Review

Anger that only death can sate

“OF all creatures that can feel and think, we women are the worst treated things alive,” says Medea (Gofaone Bodigelo), directed by Leila Henriques at the Barney Simon Theatre, until 30 November. Photo by Oupa Bopape

VERY SELDOM, A production onstage comes along and filters through your head and heart like a brace of electricity. Leila Henriques has taken Euripides’ Medea, written more than 2000 years ago, and given it a relevance that is searing. But it is her young cast that raise the hackles of this story to its very peak of possibility. The brief season ends tomorrow (30 November): Cancel all other plans and see this.

Medea (Gofoane Bodigelo) is portrayed as a woman wronged by society. She’s the mother of two boys. Divorced by her husband Jason (Londa Mkhize) in favour of a rich virgin bride, she has the threat of exile cast over her head. She is outraged with and fuelled by the urge to hurt back, and she’s not afraid to do so. It’s a story which brings havoc in its wake, but one that bears translation into a local kitchen sink-style production that makes your soul tremble with the narratives informing gender-based violence that are so endemic to our world.

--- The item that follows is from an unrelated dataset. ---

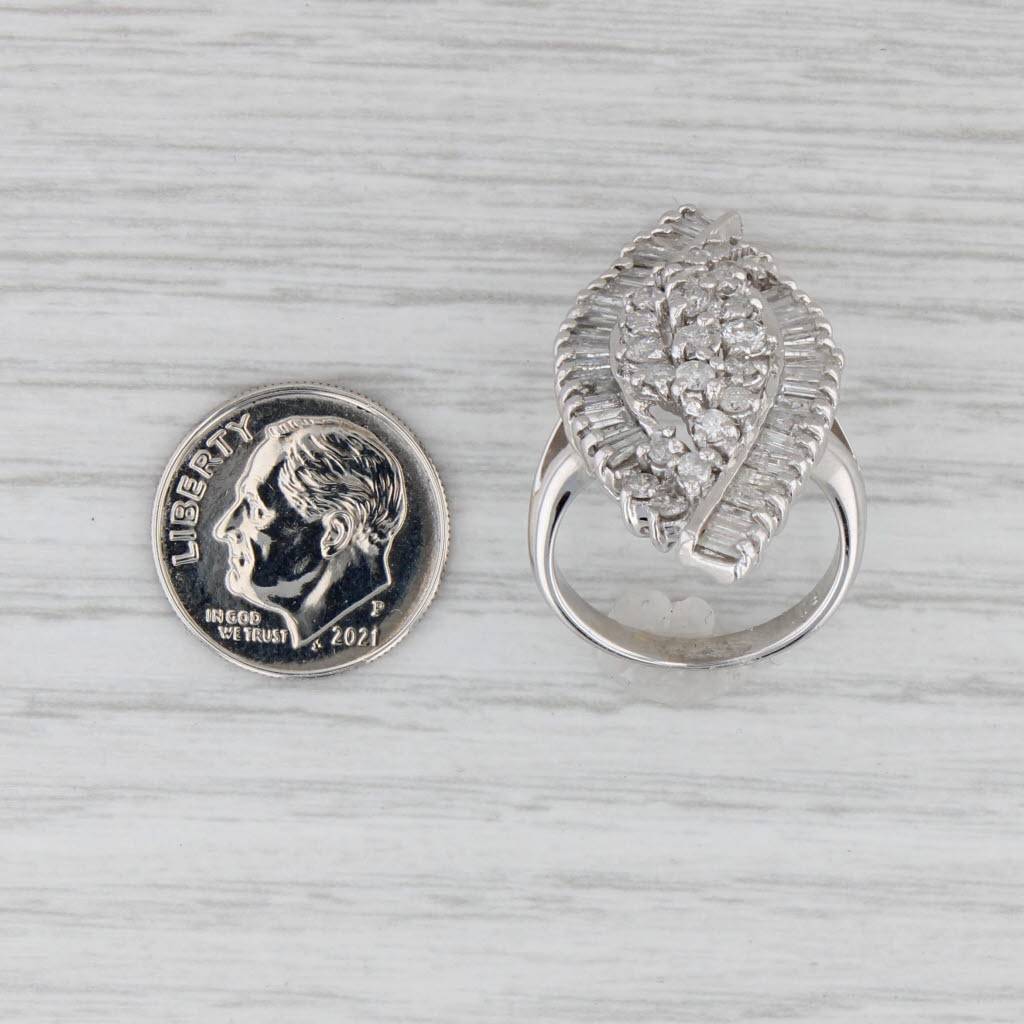 Gray 2.20ctw Diamond Cluster Cocktail Ring 14k White Gold Size 6.25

But it is not the story itself that you will have in your crosshairs when you watch. It is the way in which it is told. The use of the two children, Andile Ngoboza and Privilege Ndhlovu, as Medea’s small sons speaks of a sophisticated, empathetic directorial eye and an understanding of the wildness of the child. Their brief appearances onstage bring goosebumps, as they break boundaries and are broken, in turn. With Superman and Batman respectively close to their chests.

Bodigelo in the title role teeters with a brilliance that shimmers. She’s angry to the point of blindness, but she never loses her sense of being a woman wronged rather than a demon or a witch. It is, however, the chorus comprising 17-year-olds Natasha Dube and Malcom Moloi that will leave you shattered and weeping for having experienced the privilege of seeing them work in tandem with the cast and the tale.

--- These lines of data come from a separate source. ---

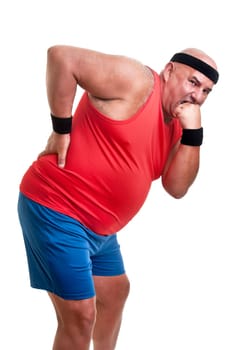 Large and tired fitness man with back pain isolated in white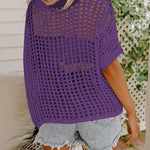 Nadorine Short Sleeve Crochet Sweater Tops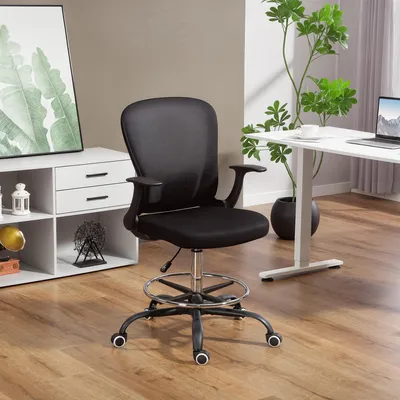 Produktbild von Bürostuhl mit Fußring höhenverstellbar, Schreibtischstuhl Netzrücken Drehstuhl Polyester, Schwarz | 62x59x119 cm | 99–119 cm Sitzhöhe | 5 Rollen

There is a wedding scene in the work which evades the literal, and is hemmed by a song constructed by Dube and Moloi and led by Dube in performance. It is one of those theatrical moments that transcends description as it reaches beyond the confines of the story and into another realm. This wedding and its song serve as a cipher to the whole tragedy, in its beauty, its sense of whimsy and eeriness and its clean use of symbolism.

The cast work magnificently together, telling an ancient tale which still rings true and stings in the intimate interstices of our society. Of course, every woman wronged by her husband with roving eyes and bad bank balances don’t resort to such horrifying extremes as Medea does, but the impotent anger of a woman forced by society to dance to tunes which are not comfortable, is a refrain that has never been muted.

With performers drawing from the Windybrow Arts Centre in Hillbrow and the Kwasha! Theatre Company, this beautiful and fierce rendition is testament to the level of talent we have in Johannesburg. Watch out for Natasha Dube: this young woman deserves the space to soar in the industry. Globally.

Medea’s season at the Market Theatre ends tomorrow – 30 November 2025 – but it warrants many legs all over the place.

Medea was written by Euripides in 431 BCE and directed by Leila Henriques. Performed by Gofaone Bodigelo, Natasha Dube, Jack Mabokachaba, Thingo Mcanyana, Londa Mkhize, Malcom Moloi, Privilege Ndhlovu and Andile Ngoboza it features design by Chloe Wittstock (set and costumes), Themba Mthimkulu (lighting) and Andile Mgeyi (choreography). It is onstage at the Barney Simon Theatre, Market Theatre in Newtown, Johannesburg until 30 November 2025.